-- Opening Marker --

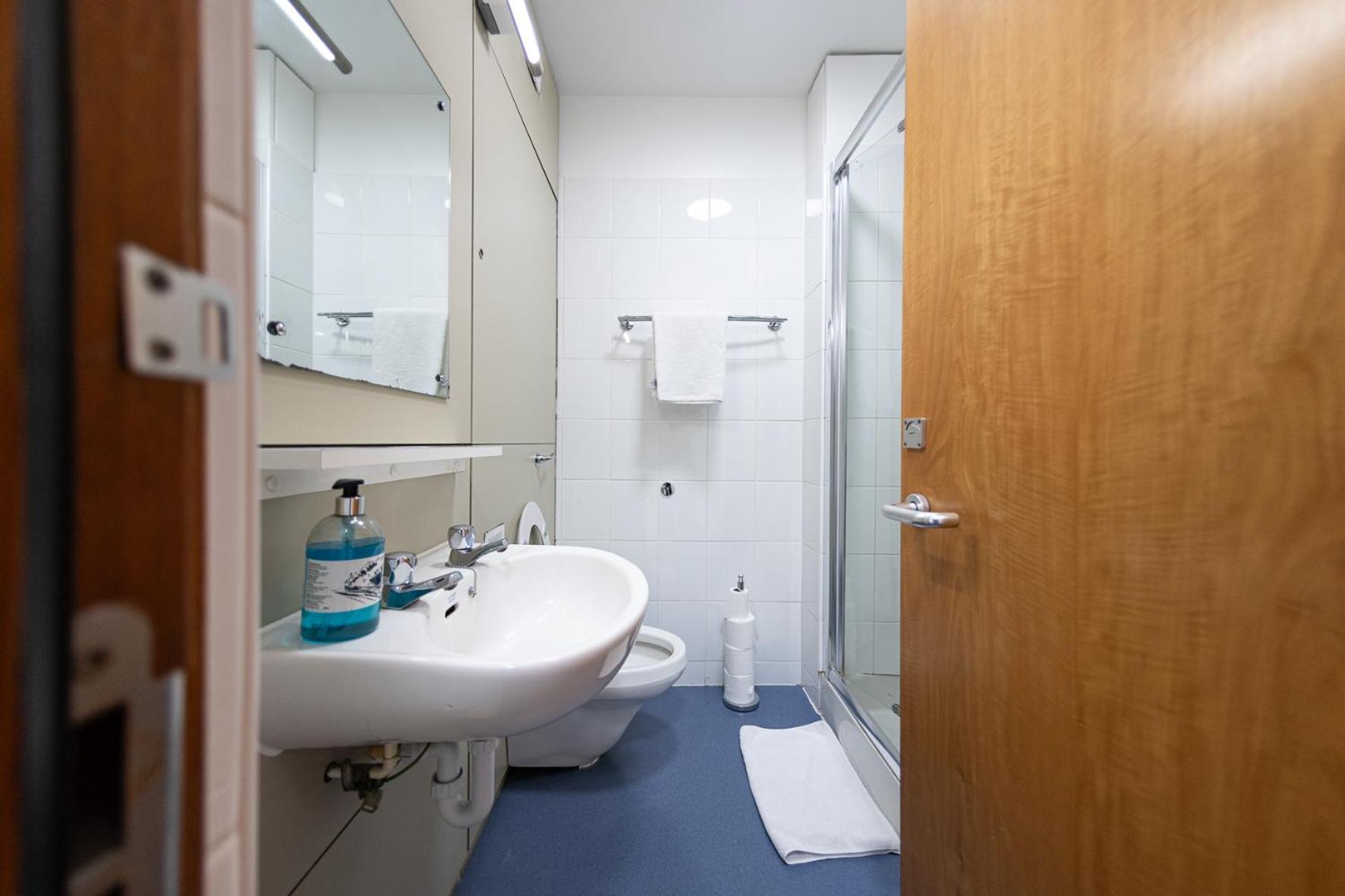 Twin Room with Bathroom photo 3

-- Closing Marker --
-- Opening Marker --

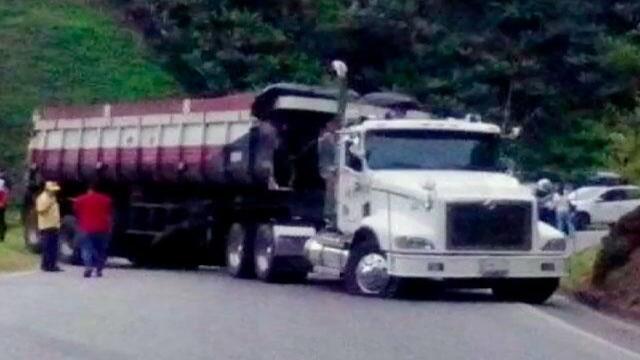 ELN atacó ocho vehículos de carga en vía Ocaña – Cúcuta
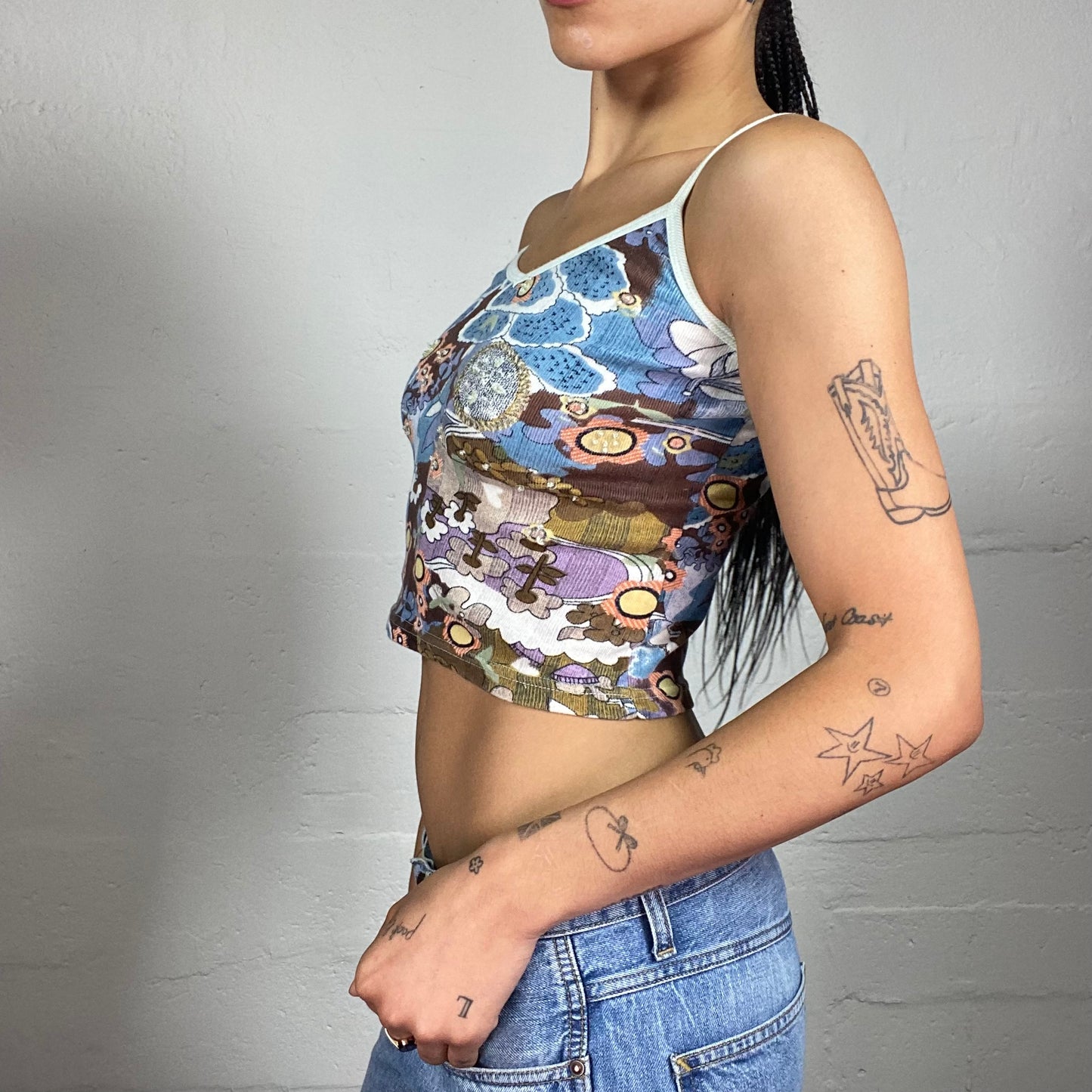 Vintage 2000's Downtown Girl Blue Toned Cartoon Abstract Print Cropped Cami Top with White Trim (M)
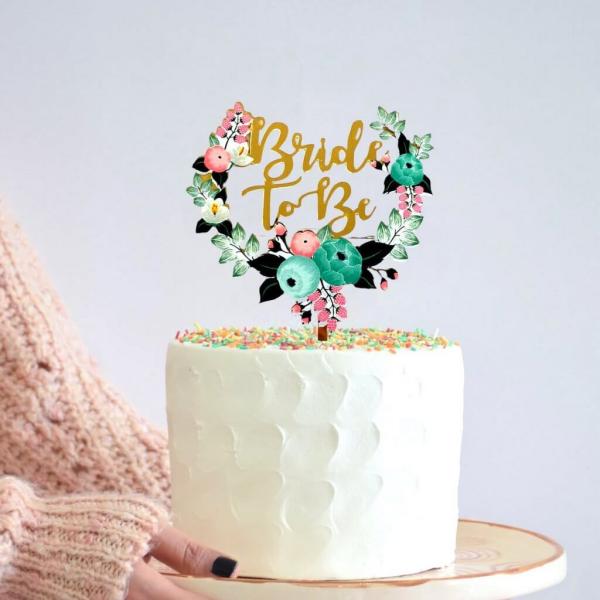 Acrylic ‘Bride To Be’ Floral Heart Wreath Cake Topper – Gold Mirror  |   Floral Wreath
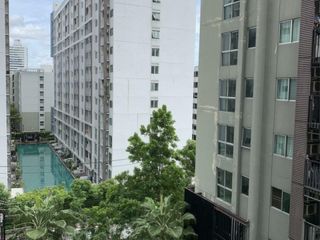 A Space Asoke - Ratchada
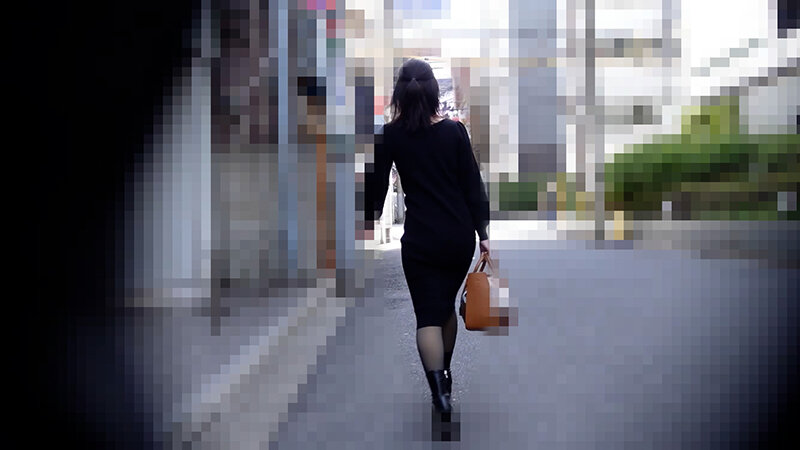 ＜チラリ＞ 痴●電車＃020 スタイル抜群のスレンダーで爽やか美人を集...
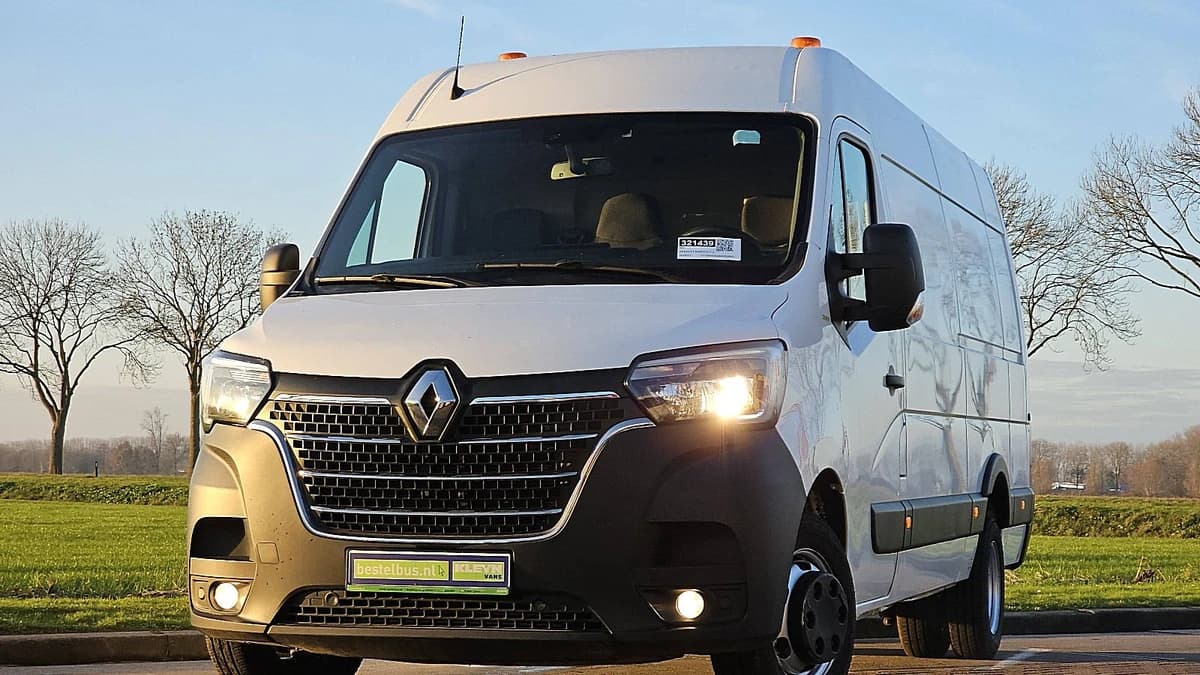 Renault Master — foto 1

-- Closing Marker --
-- Opening Marker --

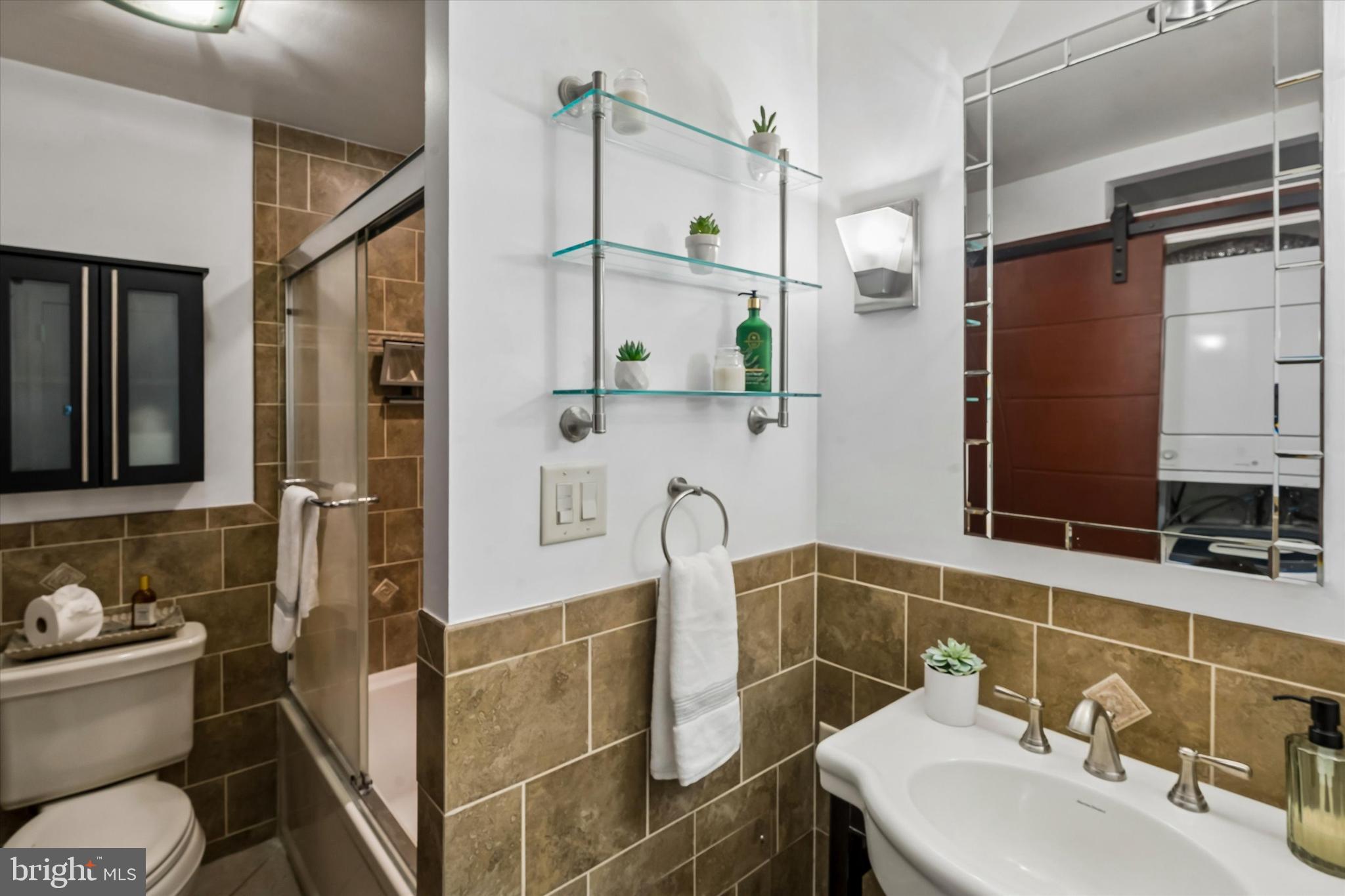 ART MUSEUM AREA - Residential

-- Closing Marker --

- _Task instructions_:
Here the job is to copy the stretch of records from the line containing "A Space Asoke - Ratchada" through the line containing "Renault Master — foto 1", word for word. Leave every picture out.

- _Written reply_:
 A Space Asoke - Ratchada
 ＜チラリ＞ 痴●電車＃020 スタイル抜群のスレンダーで爽やか美人を集...
 Renault Master — foto 1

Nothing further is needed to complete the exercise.